Le milieu d'origine dans lequel ce texte a été produit est juif ; il « prône l'application intégrale de la Torah, à la suite du maître [Jésus] qui n'est pas venu l'abolir mais l'accomplir » (Mt 5,17)[2]. « L'auteur se considère comme un Juif détenteur de la véritable interprétation de la Torah, fidèle à la volonté divine révélée par Jésus qu'il déclare être le Messie et le Fils de Dieu »[3].
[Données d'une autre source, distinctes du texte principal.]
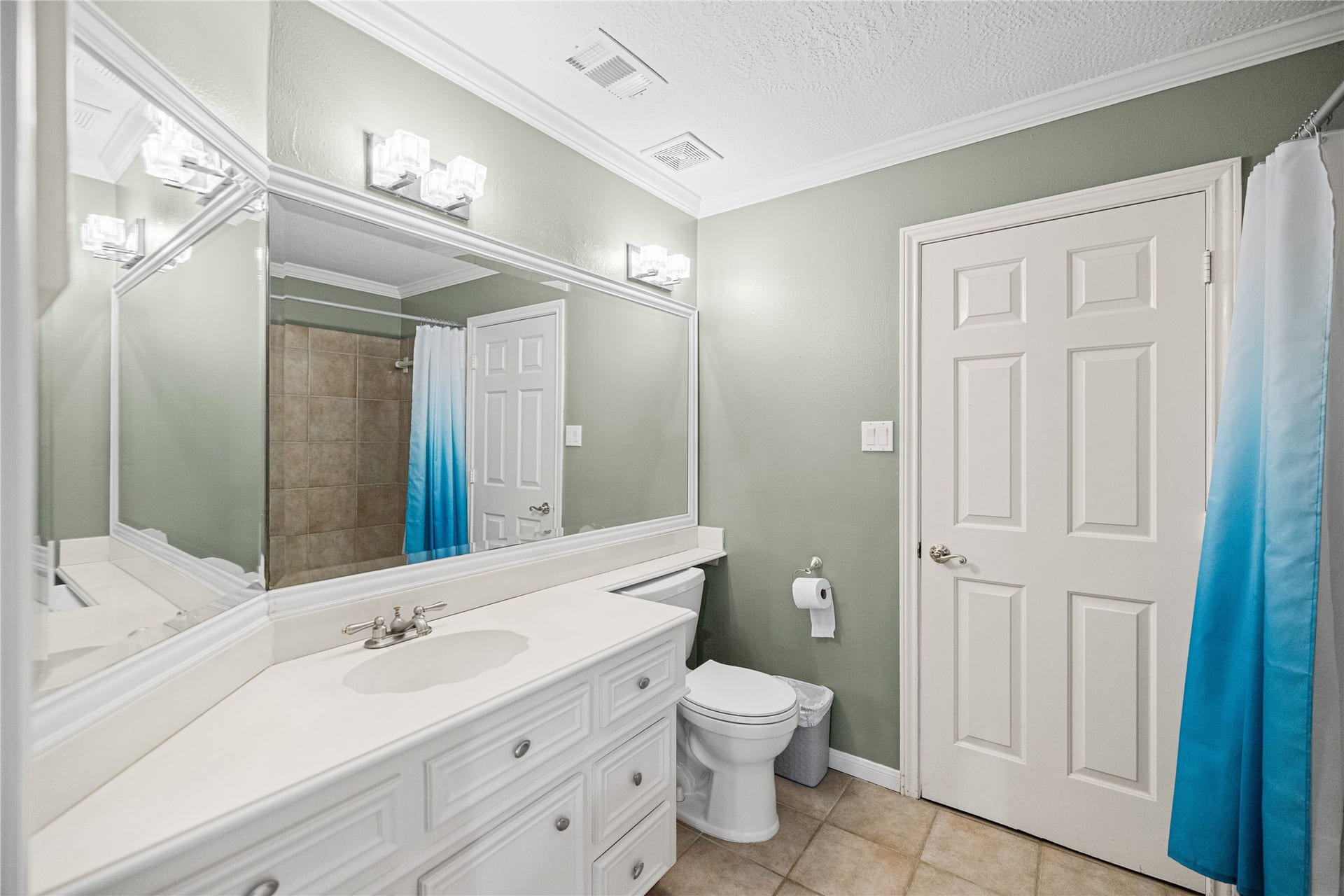 Additional bathroom with white cabinetry, spacious vanity, decorative lighting, and a tub/shower combination.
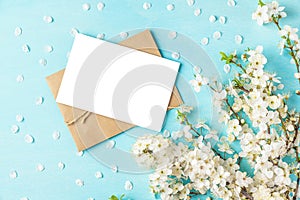 Blank wedding greeting card or invitation with spring blossom cherry flowers on pastel blue background. Mock up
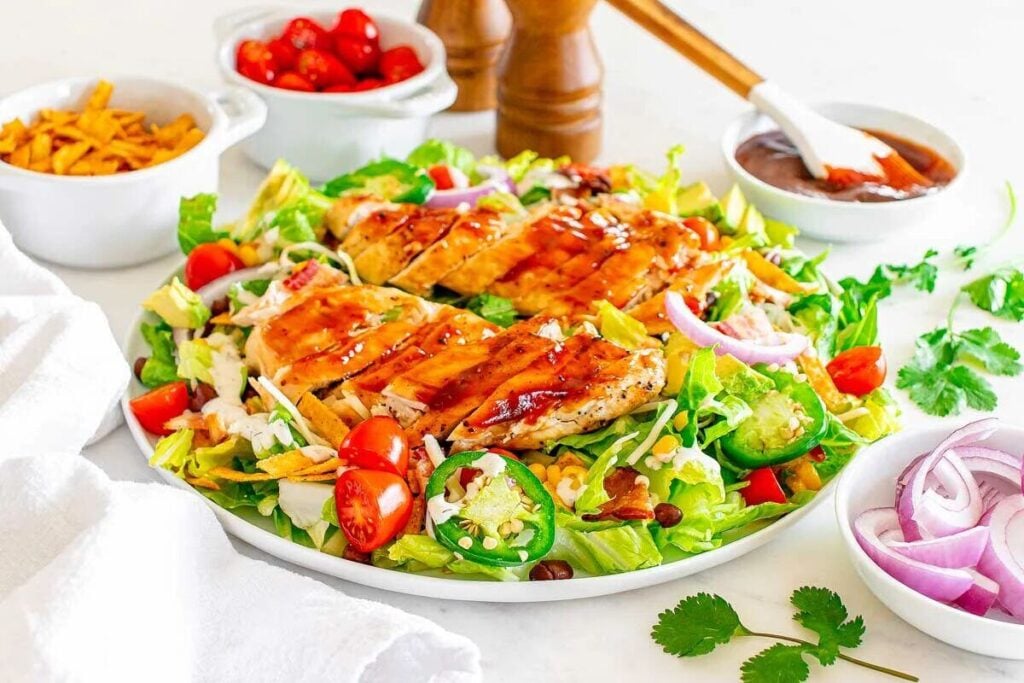 A grilled BBQ chicken salad with lettuce, cherry tomatoes, red onion, corn, and tortilla strips is arranged on a plate with dressing, condiments, and seasonings in the background.
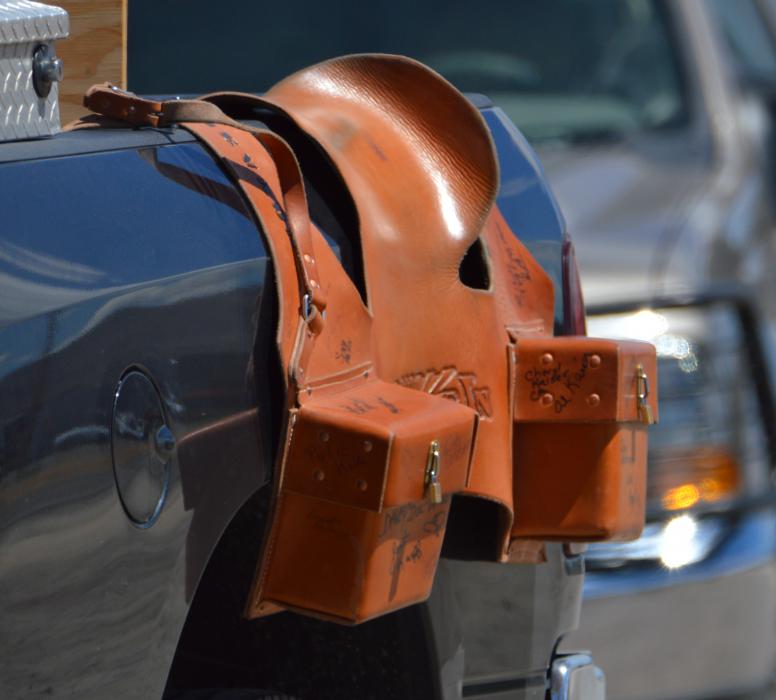 Photo by Lisa Fisher. Close up of the hand-made leather Mochila, carrying 900 pieces of mail across nearly 2,000 miles.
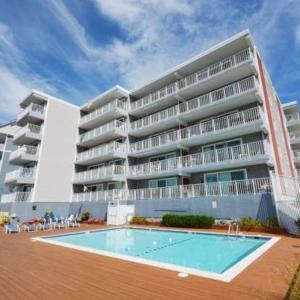 a large apartment building with a swimming pool in front of it at 210 Worchester St #405 in Ocean City
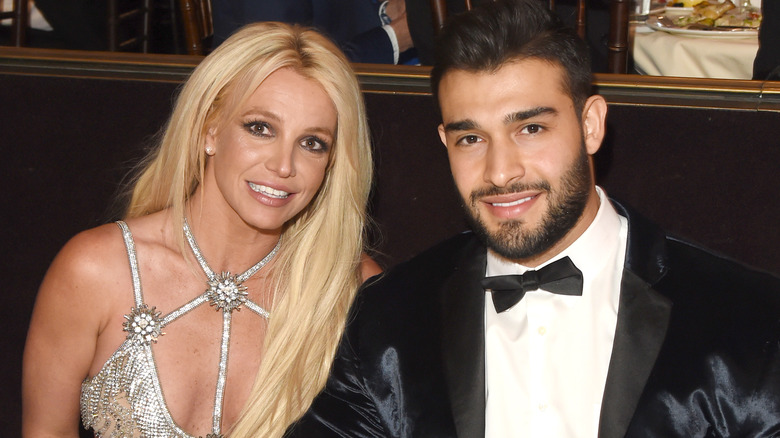 Britney Spears and her fiance Sam Asghari smiling together at an event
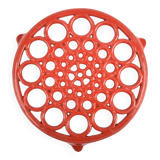 Vintage red enameled cast iron trivet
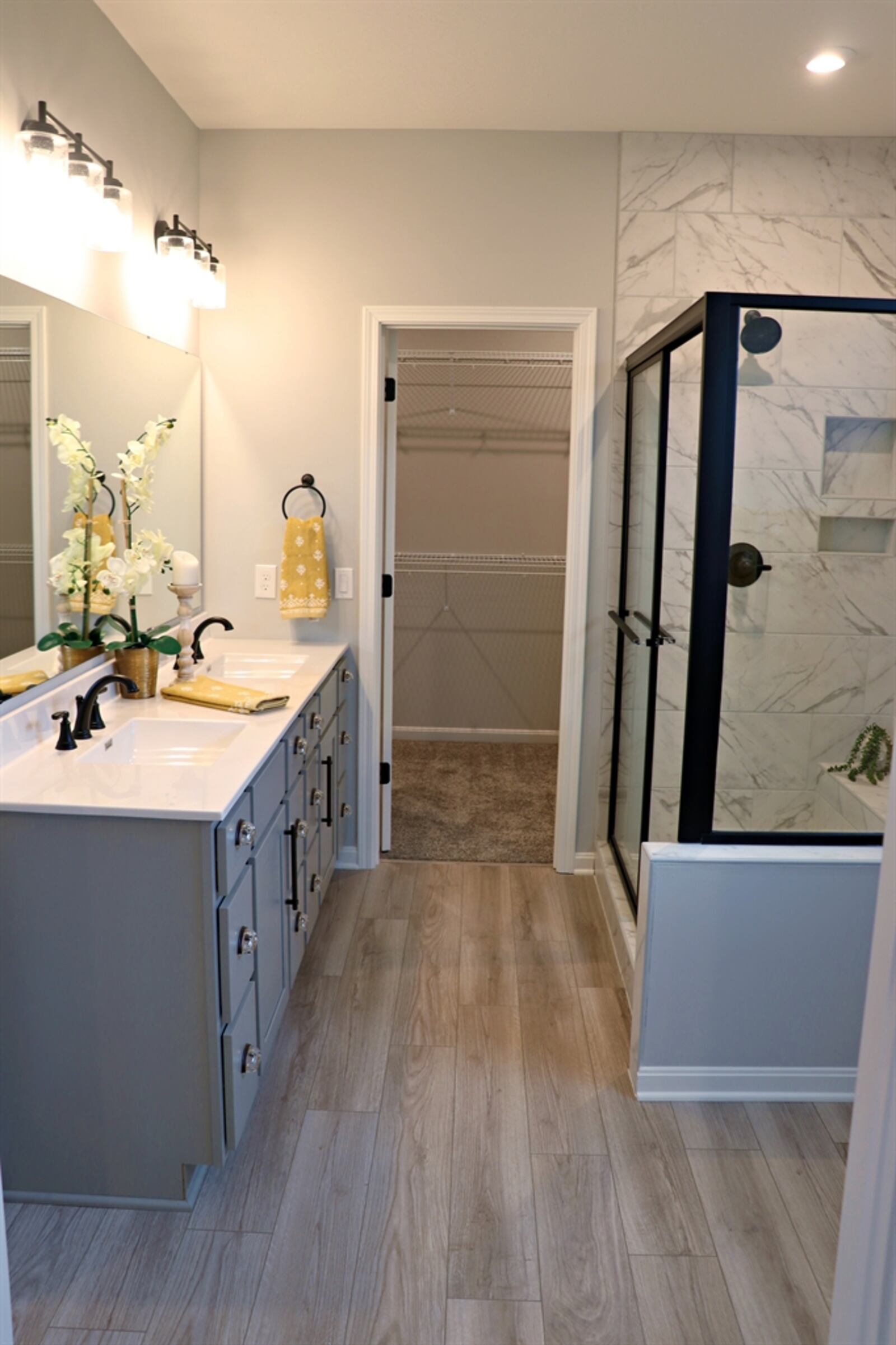 The primary bathroom has an elevated vanity with two sinks and a large walk-in shower with ceramic-tile surround.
Langue[modifier | modifier le code]

Le fait que l'Évangile selon Matthieu soit rédigé en grec, tout comme le reste du Nouveau Testament, n'a pas empêché une partie des exégètes de s'interroger sur l'éventuelle existence d'une version originale « sémitique », c'est-à-dire d'un texte initial écrit en hébreu ou en araméen et traduit ultérieurement en grec. Cette théorie, aujourd'hui abandonnée par la plupart des spécialistes, se fondait sur une déclaration d'Eusèbe de Césarée, au IVe siècle. Utilisant comme unique source un texte de Papias rédigé vers l'année 120, Eusèbe écrit : « Matthieu réunit donc en langue hébraïque les logia [de Jésus] et chacun les interpréta comme il en était capable » (Ματθαῖος μὲν οὖν ἑβραΐδι διαλέκτῳ τὰ λόγια συνετάξατο, ἡρμήνευσεν δ'αὐτὰ ὡς ἧν δυνατὸς ἕκαστος)[4],[5].

Cependant, la recherche actuelle estime que dès le départ le texte a été rédigé en grec, même si certaines parties ont été reprises de textes hébreux ou araméens[6].

Les spécialistes récusent les déclarations de Papias, d'Origène, de Clément d'Alexandrie, de Jérôme ou d'Épiphane, selon lesquels « les Nazaréens ne connaissaient qu'un Matthieu en hébreu » : en effet, le texte actuel de l'évangile ne donne pas à penser qu'il s'agit d'une traduction. Kurt Aland, Barbara Aland, tout comme Bart D. Ehrman, rappellent que le consensus des historiens élimine l'hypothèse d'une rédaction en hébreu ou en araméen[7],[8],[9]. Pour un auteur comme Elian Cuviller, cette hypothèse d'un évangile rédigé initialement en hébreu ou en araméen apparaît d'autant plus hasardeuse qu'il n'existe aucune trace d'une version « sémitique »[5].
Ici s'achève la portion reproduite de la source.